The summary of resamples based on the below code
fit.year.res <- resamples(fit.year)
summary(fit.year.res)
looks like this:
But then, the different yearly models in the box plot are not sorted:
scales <- list(x=list(relation="free"), y=list(relation="free"))
bwplot(fit.year.res, scales=scales)
I have tried converting the models element of resamples fit.year.res$models
to factor from character, but it didn't make nay difference.
I am not aware of an easy solution using bwplot
method from caret package. Perhaps there is one but my lattice skills are lacking.
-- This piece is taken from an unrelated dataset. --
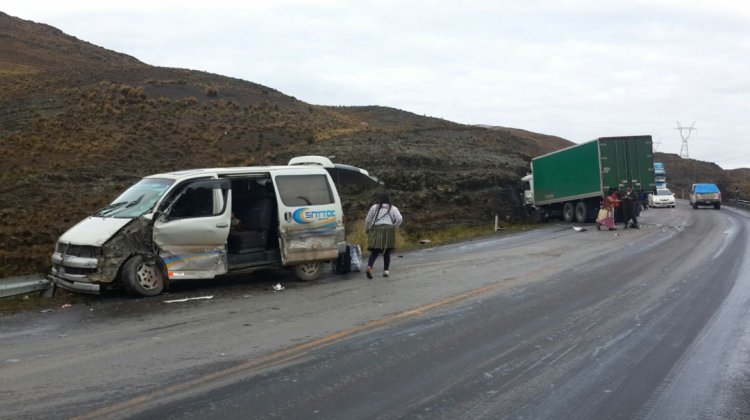 Un accidente de tránsito en Cochabamba.   Foto: el-policial.com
I recommend plotting the boxplots manually using ggplot2. This way you will have much better control over the final plot.
Since you did not post an example with data I will use one of the examples from ?caret:::bwplot.resamples
library(caret)
library(party)
library(RWeka)
load(url("http://topepo.github.io/caret/exampleModels.RData"))
resamps <- resamples(list(CART = rpartFit,
CondInfTree = ctreeFit,
MARS = earthFit))
bwplot(resamps,
metric = "RMSE")
produces:
To make the plot manually using ggplot you will need some data manipulation:
library(tidyverse)
resamps$values %>% #extract the values
select(1, ends_with("RMSE")) %>% #select the first column and all columns with a name ending with "RMSE"
gather(model, RMSE, -1) %>% #convert to long table
mutate(model = sub("~RMSE", "", model)) %>% #leave just the model names
ggplot()+ #call ggplot
geom_boxplot(aes(x = RMSE, y = model)) -> p1 #and plot the box plot
p1
To set a specific order on the y axis:
p1 +
scale_y_discrete(limits = c("MARS", "CART", "CondInfTree"))
If you prefer lattice
library(lattice)
resamps$values %>%
select(1, ends_with("RMSE")) %>%
gather(model, RMSE, -1) %>%
mutate(model = sub("~RMSE", "", model)) %>%
{bwplot(model ~ RMSE, data = .)}
to change the order change the levels of model (this approach also works with ggplot2):
resamps$values %>%
select(1, ends_with("RMSE")) %>%
gather(model, RMSE, -1) %>%
mutate(model = sub("~RMSE", "", model),
model = factor(model, levels = c("MARS", "CART", "CondInfTree"))) %>%
{bwplot(model ~ RMSE, data = .)}